Scritto da 12:26 pm Pisa SC

Quattro lettere: Pisa. Sei lettere: grazie

Inizio con la premessa in questa ultima rubrica del campionato, così decidete subito se leggerla o meno: non è un pezzo obiettivo. Non è neanche un articolo, è più un agglomerato di pensieri sparsi e disordinati.

di Chicca G.

Manca la neutralità, è stata fagocitata dai sentimenti; mi scuso, quindi, ma non ho potuto farne a meno.

Può darsi anche il titolo non sia così appropriato. «I Malavoglia» vi sarebbe garbato di più? A me no.

L’ho scritto fin dall’inizio: sono tifosa, e quando un tifoso parla del Pisa, non può essere del tutto imparziale e lucido. Tifa la propria squadra, senza se e senza ma.

“Ci sedemmo dalla parte del torto visto che tutti gli altri posti erano occupati”. Con questo suo aforisma, a metà tra paradosso e verità, ironia e provocazione, Bertolt Brecht ci presenta forse un biglietto da visita ancora valido, in grado di identificare, nascondere, alludere, rivelare. Dalla parte del torto, certo. Come tutti quelli che non hanno timore a collocarsi nella schiera tutto sommato non troppo numerosa, o, almeno, non abbastanza, dei sognatori.

Mi siedo anch’io da questa parte e scrivo a beneficio di chi finisce sempre per invaghirsi di qualcosa o qualcuno che nella vita colleziona più sconfitte che trofei, ma che ha dentro qualcosa di speciale.

Il Pisa nella sua lunga storia non ha vinto molto: questo però non ha mai scoraggiato i pisani, sempre numerosi e passionali, poiché nella propria squadra hanno sempre visto oltre i successi.

Ci hanno visto grandi e piccole storie di calcio, ci hanno visto grinta là dove mancava la classe, ci hanno visto l’identità di Pisa rappresentata in giro per l’Italia, ci hanno visto l’anima che l’ha sempre contraddistinto.

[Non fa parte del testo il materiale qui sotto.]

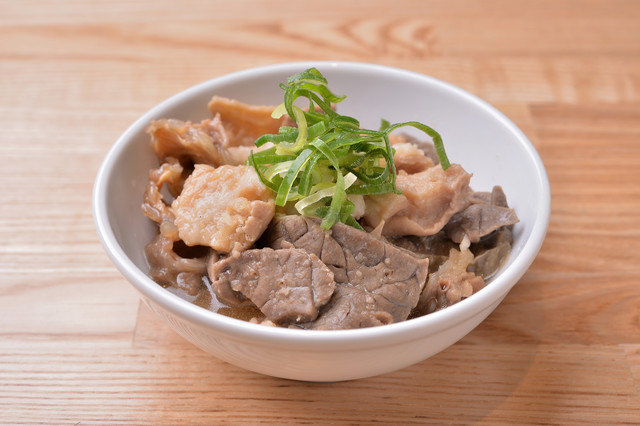 お初の活力(ホルモン煮込み)(380円)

Per una forma di malinconica esattezza, venerdì sera, per l’ultimo appuntamento della stagione, più che una partita è stato un calvario. Cadenza fissa degli ultimi due mesi, come una tassa da pagare, perché gira che ti rigira il Pisa è così: bello, brutto, folle, fragile, capace di farti esaltare e rodere il fegato in pochissimo tempo.

Alle imprese mirabolanti seguono spesso degli inspiegabili tonfi, a volte clamorosi, come questo finale di torneo.

Però se mi telefonasse il Presidente del Frosinone o del Genoa e mi proponesse uno scambio «vi diamo la squadra e ci prendiamo D’Angelo», rifiuterei dicendo che il cantore è sempre superiore al guerriero o alla battaglia. Senza Omero non sapremmo nulla di Achille ed Ettore.

Ti voglio bene mister, e in fondo non è scriverti in prima persona, perché quello che ho sentito venerdì l’hanno sentito i tifosi neroazzurri.

Uso il tu, contravvengo a ogni minima e doverosa regola giornalistica, perché lo hai fatto anche te con ogni tifoso pisano e lo hai fatto davanti a tutti. E non è facile dare del tu a tutte quelle persone allo stadio e a tante di più che ti guardavano in televisione.

Non è facile commuoversi, per questo ti voglio bene. Perché ti sei messo il cuore a nudo ed è da pisani. Perché è da grandi non aver paura dei sentimenti, e, se sono i tuoi, i nostri, è da grandissimi.

La vita è anche perdere, sbagliare, cadere.

“Non è forte chi non cade, ma chi, cadendo, ha la forza di rialzarsi”, ci ha insegnato Jim Morrison. Ed è più importante rialzarsi che non cadere. È più importante vivere che vincere.

Le vittorie vanno meritate; le sconfitte accettate: allora «zitti e buoni», prendendo a prestito il titolo del brano dei Måneskin.

Adesso che ad agosto si riparte – magari sarà una Serie B spettacolare, combattuta, appassionante; in fondo è il bello di quando finisce un campionato: si può sognare il prossimo, almeno d’estate vincono tutti – quella fiducia che abbiamo per D’Angelo dovrà restare immutata.

I passi falsi che abbiamo sin qui avuto hanno detto molto. Soprattutto a chi ci guida. Che – e statene certi – non sta pensando ai traguardi passati, ma a come poterne raggiungerne altri. Imparando proprio dagli errori. Ça va sans dire.